## [REQUIRED WORK]
Return, exactly as written, every line from the first line of the data below through the line that contains "Ferienwohnung 'Kleine Auszeit".

DATASET ENTRIES Block Start

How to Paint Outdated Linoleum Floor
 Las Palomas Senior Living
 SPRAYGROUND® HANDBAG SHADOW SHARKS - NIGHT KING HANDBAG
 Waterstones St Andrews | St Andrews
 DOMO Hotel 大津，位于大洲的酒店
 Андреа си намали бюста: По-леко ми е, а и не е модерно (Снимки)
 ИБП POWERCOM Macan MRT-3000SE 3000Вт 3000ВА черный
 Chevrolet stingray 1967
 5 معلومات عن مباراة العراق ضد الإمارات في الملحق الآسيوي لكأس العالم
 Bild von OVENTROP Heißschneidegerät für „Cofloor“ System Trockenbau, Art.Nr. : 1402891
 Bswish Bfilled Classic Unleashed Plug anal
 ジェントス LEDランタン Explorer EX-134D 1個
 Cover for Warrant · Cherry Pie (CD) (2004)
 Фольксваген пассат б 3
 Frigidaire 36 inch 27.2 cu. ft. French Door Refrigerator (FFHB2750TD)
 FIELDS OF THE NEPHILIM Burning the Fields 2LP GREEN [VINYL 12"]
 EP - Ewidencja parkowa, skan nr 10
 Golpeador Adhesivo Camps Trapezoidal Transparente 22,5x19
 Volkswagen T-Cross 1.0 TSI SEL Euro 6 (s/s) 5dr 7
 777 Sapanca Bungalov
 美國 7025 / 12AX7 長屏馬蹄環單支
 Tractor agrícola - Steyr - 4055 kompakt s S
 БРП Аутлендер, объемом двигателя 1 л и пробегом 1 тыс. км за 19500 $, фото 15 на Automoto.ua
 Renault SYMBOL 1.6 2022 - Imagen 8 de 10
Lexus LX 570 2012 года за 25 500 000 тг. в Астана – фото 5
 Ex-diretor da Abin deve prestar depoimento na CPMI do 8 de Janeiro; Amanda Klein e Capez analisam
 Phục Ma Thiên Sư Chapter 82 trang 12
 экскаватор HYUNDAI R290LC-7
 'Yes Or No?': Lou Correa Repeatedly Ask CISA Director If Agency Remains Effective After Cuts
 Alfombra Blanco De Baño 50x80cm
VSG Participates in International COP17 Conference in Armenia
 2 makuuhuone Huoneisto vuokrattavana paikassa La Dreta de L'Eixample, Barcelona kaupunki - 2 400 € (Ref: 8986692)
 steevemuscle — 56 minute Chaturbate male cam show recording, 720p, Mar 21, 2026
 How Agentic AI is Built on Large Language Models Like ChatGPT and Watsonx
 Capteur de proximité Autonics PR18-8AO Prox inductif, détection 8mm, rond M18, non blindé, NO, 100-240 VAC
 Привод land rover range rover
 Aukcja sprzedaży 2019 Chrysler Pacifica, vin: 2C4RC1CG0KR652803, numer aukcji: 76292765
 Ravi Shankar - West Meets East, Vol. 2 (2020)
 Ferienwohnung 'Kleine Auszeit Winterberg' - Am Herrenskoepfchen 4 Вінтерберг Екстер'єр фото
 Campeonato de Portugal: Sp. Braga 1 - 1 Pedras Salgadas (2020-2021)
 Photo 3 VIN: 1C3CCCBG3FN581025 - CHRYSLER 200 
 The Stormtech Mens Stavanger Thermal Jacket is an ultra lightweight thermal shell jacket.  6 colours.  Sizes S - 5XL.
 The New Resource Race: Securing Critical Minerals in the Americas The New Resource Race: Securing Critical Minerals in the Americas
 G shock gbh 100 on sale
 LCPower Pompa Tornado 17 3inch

DATASET ENTRIES Block End

## [PROBLEM SOLUTION]
How to Paint Outdated Linoleum Floor
 Las Palomas Senior Living
 SPRAYGROUND® HANDBAG SHADOW SHARKS - NIGHT KING HANDBAG
 Waterstones St Andrews | St Andrews
 DOMO Hotel 大津，位于大洲的酒店
 Андреа си намали бюста: По-леко ми е, а и не е модерно (Снимки)
 ИБП POWERCOM Macan MRT-3000SE 3000Вт 3000ВА черный
 Chevrolet stingray 1967
 5 معلومات عن مباراة العراق ضد الإمارات في الملحق الآسيوي لكأس العالم
 Bild von OVENTROP Heißschneidegerät für „Cofloor“ System Trockenbau, Art.Nr. : 1402891
 Bswish Bfilled Classic Unleashed Plug anal
 ジェントス LEDランタン Explorer EX-134D 1個
 Cover for Warrant · Cherry Pie (CD) (2004)
 Фольксваген пассат б 3
 Frigidaire 36 inch 27.2 cu. ft. French Door Refrigerator (FFHB2750TD)
 FIELDS OF THE NEPHILIM Burning the Fields 2LP GREEN [VINYL 12"]
 EP - Ewidencja parkowa, skan nr 10
 Golpeador Adhesivo Camps Trapezoidal Transparente 22,5x19
 Volkswagen T-Cross 1.0 TSI SEL Euro 6 (s/s) 5dr 7
 777 Sapanca Bungalov
 美國 7025 / 12AX7 長屏馬蹄環單支
 Tractor agrícola - Steyr - 4055 kompakt s S
 БРП Аутлендер, объемом двигателя 1 л и пробегом 1 тыс. км за 19500 $, фото 15 на Automoto.ua
 Renault SYMBOL 1.6 2022 - Imagen 8 de 10
Lexus LX 570 2012 года за 25 500 000 тг. в Астана – фото 5
 Ex-diretor da Abin deve prestar depoimento na CPMI do 8 de Janeiro; Amanda Klein e Capez analisam
 Phục Ma Thiên Sư Chapter 82 trang 12
 экскаватор HYUNDAI R290LC-7
 'Yes Or No?': Lou Correa Repeatedly Ask CISA Director If Agency Remains Effective After Cuts
 Alfombra Blanco De Baño 50x80cm
VSG Participates in International COP17 Conference in Armenia
 2 makuuhuone Huoneisto vuokrattavana paikassa La Dreta de L'Eixample, Barcelona kaupunki - 2 400 € (Ref: 8986692)
 steevemuscle — 56 minute Chaturbate male cam show recording, 720p, Mar 21, 2026
 How Agentic AI is Built on Large Language Models Like ChatGPT and Watsonx
 Capteur de proximité Autonics PR18-8AO Prox inductif, détection 8mm, rond M18, non blindé, NO, 100-240 VAC
 Привод land rover range rover
 Aukcja sprzedaży 2019 Chrysler Pacifica, vin: 2C4RC1CG0KR652803, numer aukcji: 76292765
 Ravi Shankar - West Meets East, Vol. 2 (2020)
 Ferienwohnung 'Kleine Auszeit Winterberg' - Am Herrenskoepfchen 4 Вінтерберг Екстер'єр фото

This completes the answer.